Ignoring the pictures, repeat every entry below exactly as it appears.

━━━ MATERIAL TO PROCESS ━━━

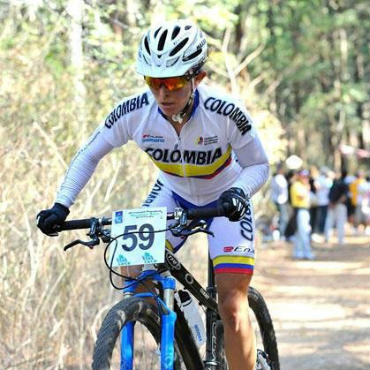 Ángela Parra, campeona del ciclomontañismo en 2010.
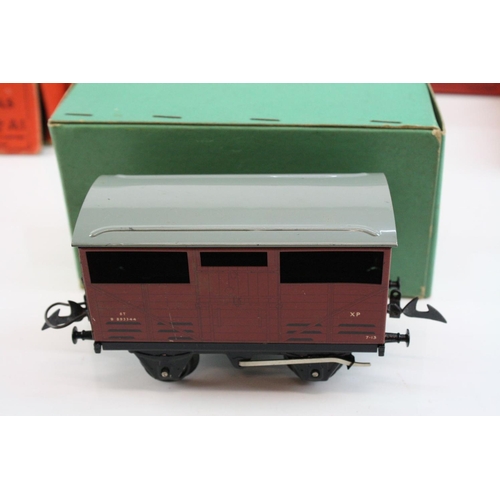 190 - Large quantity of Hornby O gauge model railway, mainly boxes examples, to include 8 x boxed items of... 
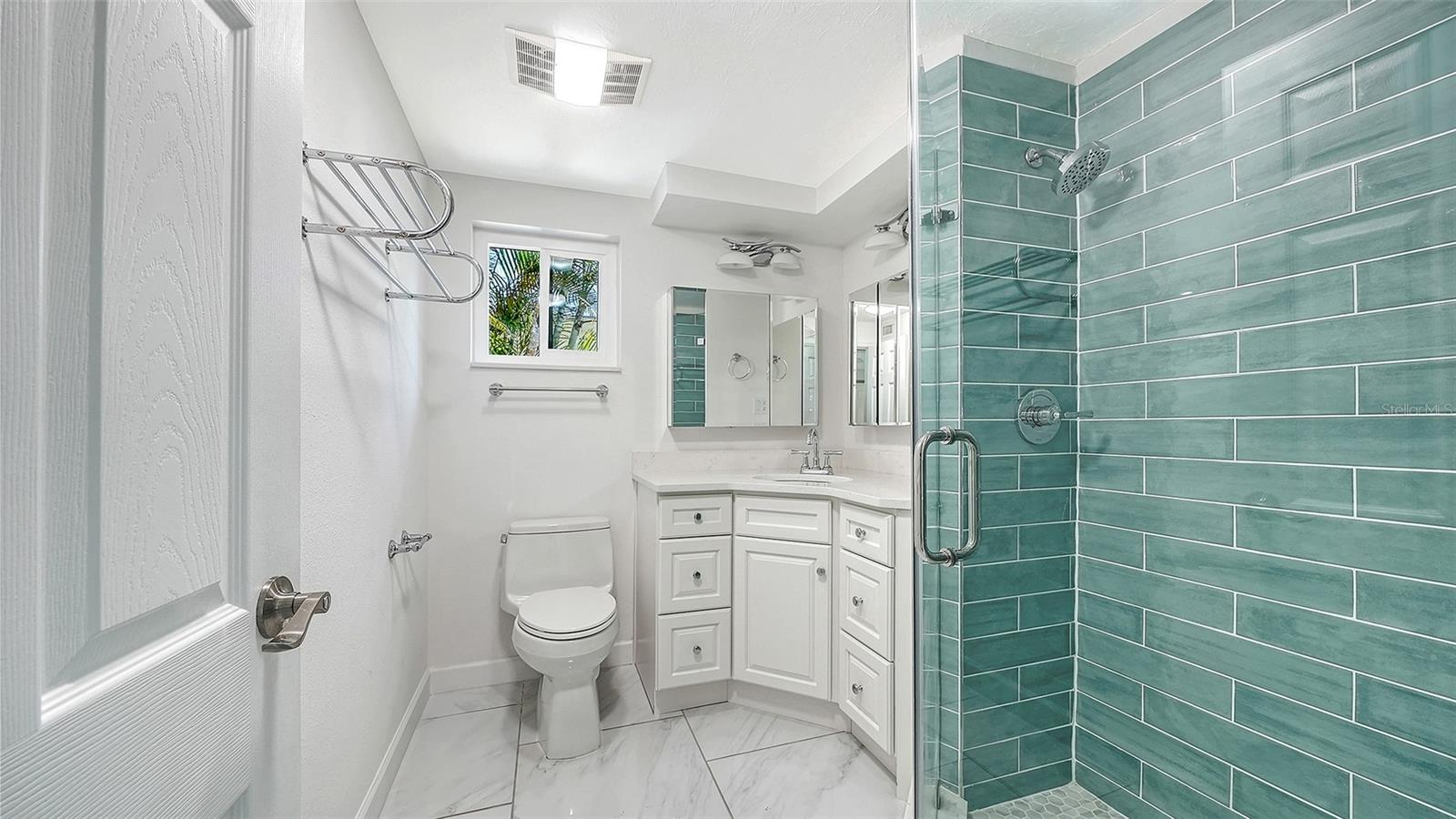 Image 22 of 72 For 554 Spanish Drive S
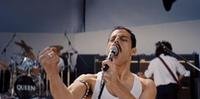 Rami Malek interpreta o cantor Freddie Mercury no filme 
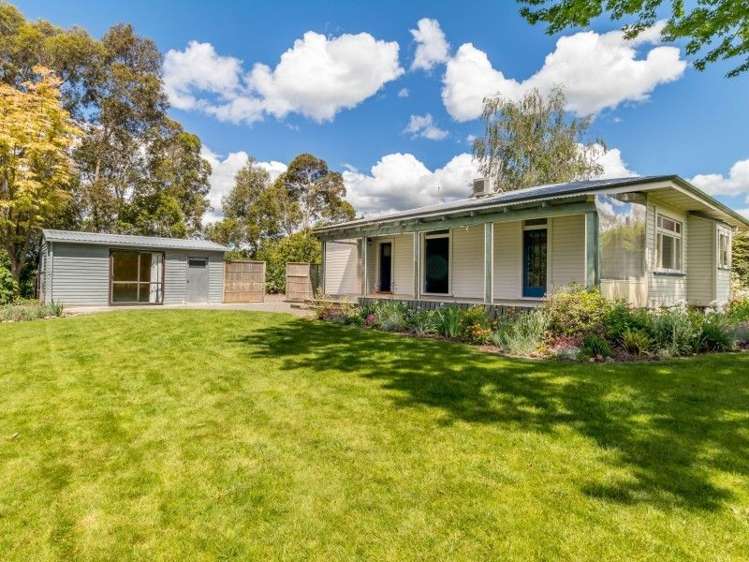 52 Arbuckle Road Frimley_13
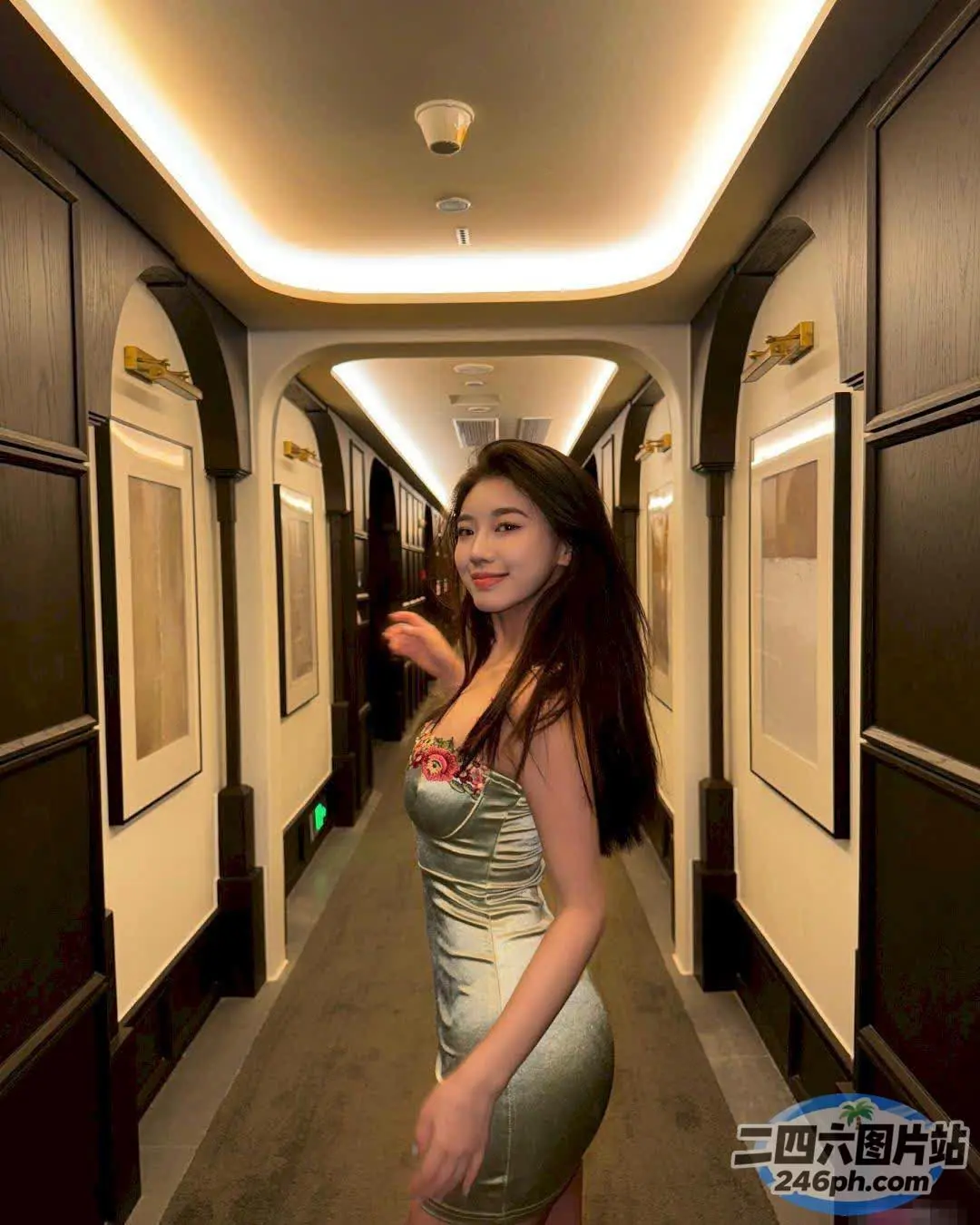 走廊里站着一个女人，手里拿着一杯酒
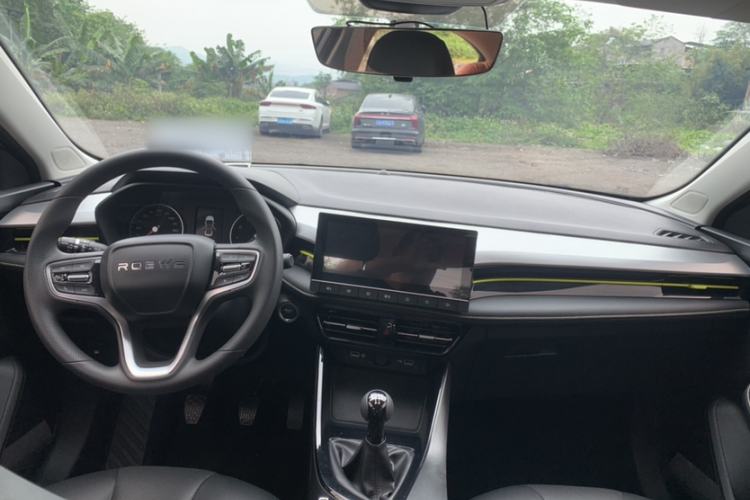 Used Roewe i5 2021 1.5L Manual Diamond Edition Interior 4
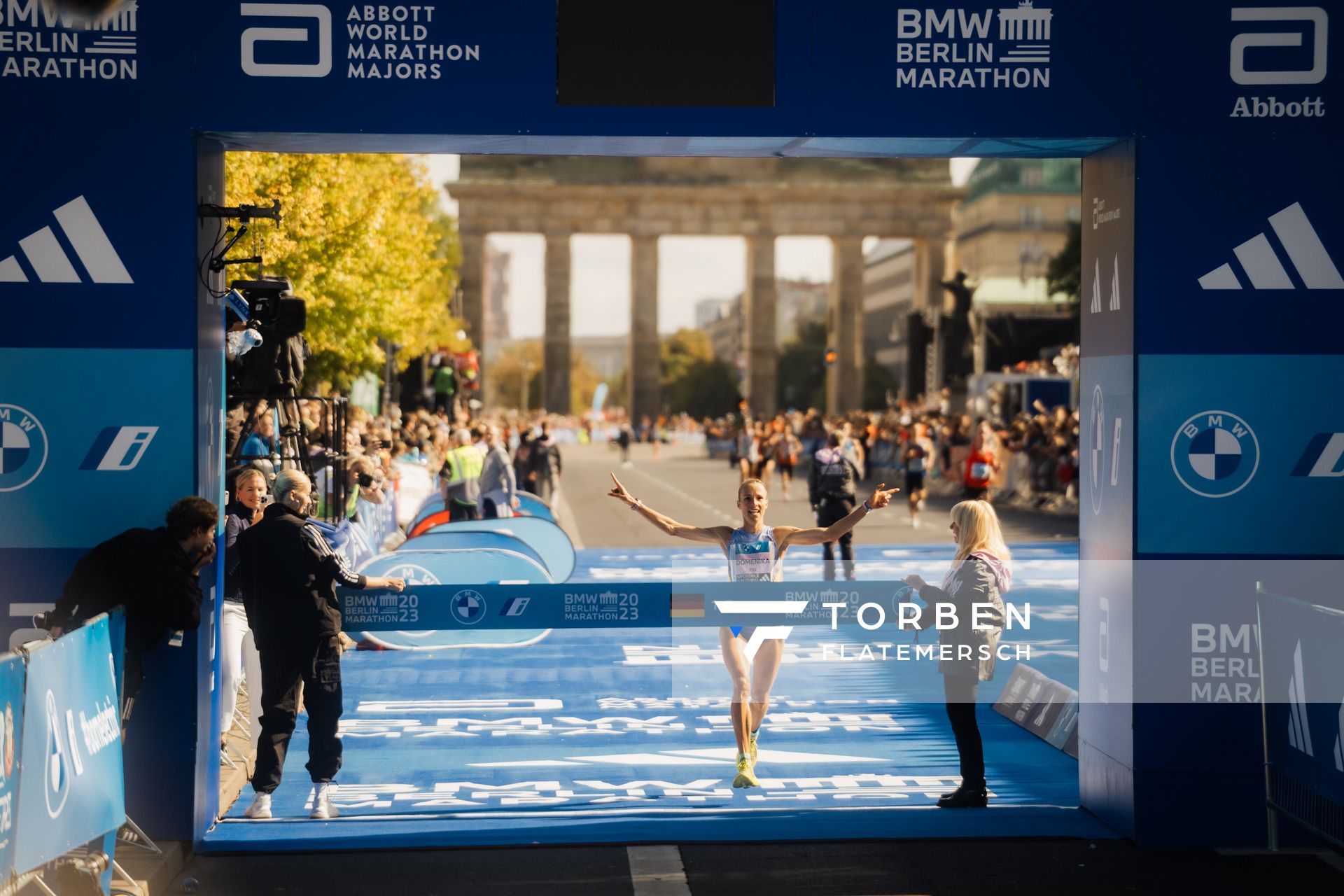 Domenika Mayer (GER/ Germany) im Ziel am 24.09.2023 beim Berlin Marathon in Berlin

━━━

ANSWER TO THIS TASK →
 Ángela Parra, campeona del ciclomontañismo en 2010.
 190 - Large quantity of Hornby O gauge model railway, mainly boxes examples, to include 8 x boxed items of... 
 Image 22 of 72 For 554 Spanish Drive S
 Rami Malek interpreta o cantor Freddie Mercury no filme 
 52 Arbuckle Road Frimley_13
 走廊里站着一个女人，手里拿着一杯酒
 Used Roewe i5 2021 1.5L Manual Diamond Edition Interior 4
 Domenika Mayer (GER/ Germany) im Ziel am 24.09.2023 beim Berlin Marathon in Berlin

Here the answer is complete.